In her address, she said of her film: “I never set out to make the quintessential historical biopic. I thought it was important to give the story a point of view and show it through the eyes of a young woman who is searching for love and happiness.”
Madonna also talked of her difficulty in casting the part of Wallis — who, after marrying Edward, became the Duchess of Windsor — and of her joy in eventually finding British actress Andrea Riseborough. “When Andrea walked in the door, she was the Duchess — that combination of fragility and steeliness. I was thrilled,” she said.
The film has received mixed reviews so far, but it has earned praise for capturing Wallis’s legendary sense of style — one reviewer called W.E. “one of the best-dressed movies of the year” — but Madonna insisted that the story’s most enduring trait is its human heart.
“One important point — there is no such thing as perfect love,” said the former Mrs Guy Ritchie, possibly alluding to her own past relationships.
“If you think so, then you are in for a rude awakening. Love really requires compromise. Nothing is what it seems and there are always many sides of the story.”
Girl on film
The film is Madonna’s second directorial outing. Her first, 2008’s Filth & Wisdom, sank without trace and many believed it marked the end as well as the beginning of her career as a film director.
However, as Madonna explains in this exclusive interview with HELLO! before the London premiere, she was so captivated by Wallis that she decided to get behind the camera once more.
“I find Wallis fascinating,” she says. “She was a survivor. She started out with nothing, she survived an abusive first marriage and she found a way to create a whole new life for herself. She had a great sense of wit and humour, and I think that one of the reasons the King fell in love with her was that she had a fresh energy about her — she was able to be irreverent with him, which not many people were.
“He gave up everything for her. It was a huge sacrifice for both of them — she got hate mail basically for the rest of her life. And you think, ‘Wow, what must it be like to be loved like that only to find out that it was a terrible responsibility?'”
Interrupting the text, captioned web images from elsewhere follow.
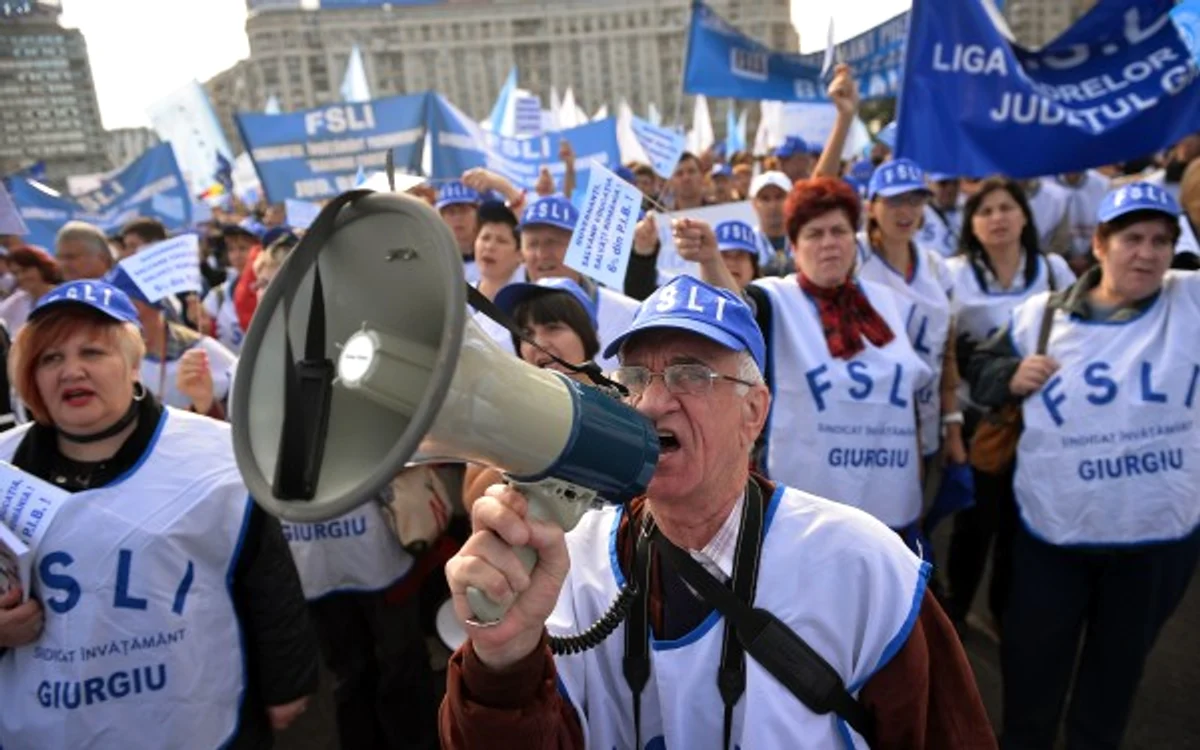 
    Profesorii au protestat în stradă, în 1 iunie, pentru salarii decente  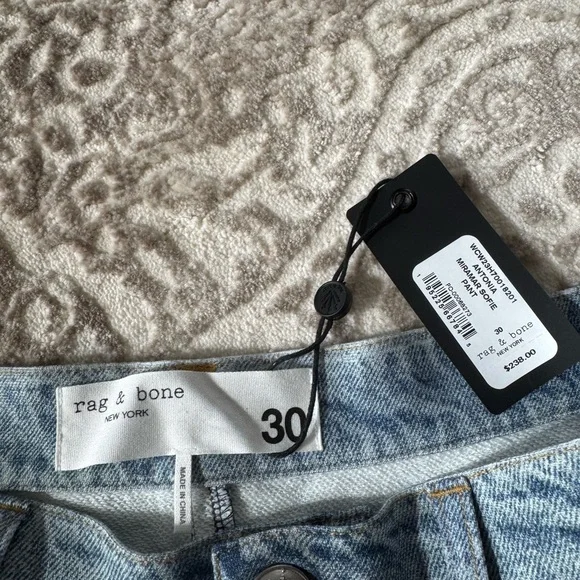 Women's Blue Jeans - Picture 2 of 3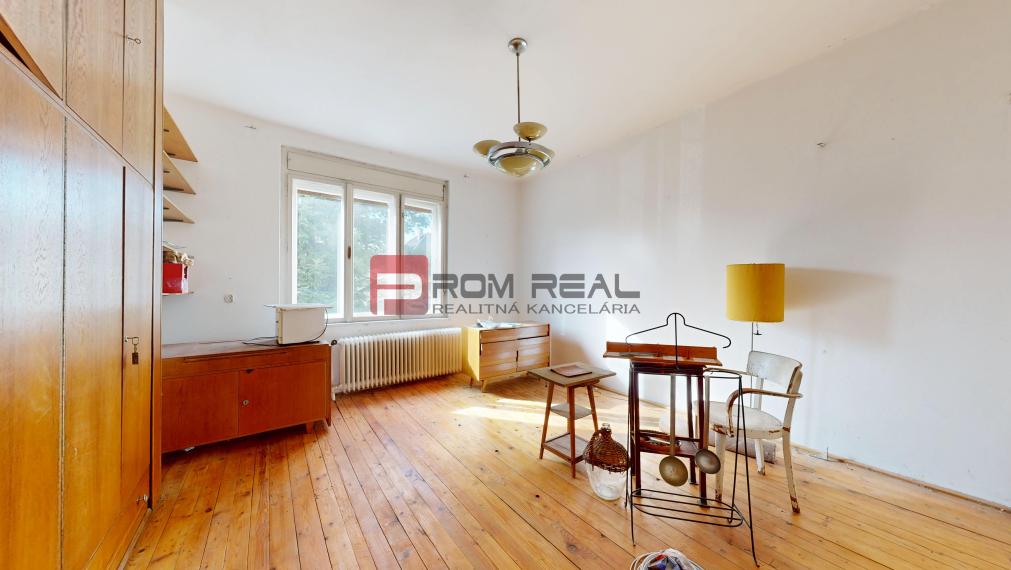 PREDAJ rodinný dom Slovenský Grob okres PEZINOK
Moving on to talk about her own life, the 53-year-old gives her take on how she rose from an anonymous dancer to become one of the world’s best-selling singer-songwriters.
“I’ve always been adventurous, both in my life and in my creativity — I’ve always let myself be open to new things, experiences, opportunities, meeting people.”
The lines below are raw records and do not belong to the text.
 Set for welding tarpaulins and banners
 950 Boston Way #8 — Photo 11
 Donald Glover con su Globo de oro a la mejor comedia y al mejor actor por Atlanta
“When I first moved to New York, I was a dancer and I never imagined for a minute that I’d ever be a singer and a songwriter. But when somebody said to me, ‘Hey, why don’t you try auditioning for this record producer?’ I didn’t say, ‘Oh, no, I’m a dancer, I can’t do that.’ I said, ‘Why not?’ So I did and one thing led to another and here I am.”
“I don’t think anyone has ever tried to box me in. I think that some people have had opinions about what I should or shouldn’t do, but I’ve never had someone say to me, ‘You cannot do this.'”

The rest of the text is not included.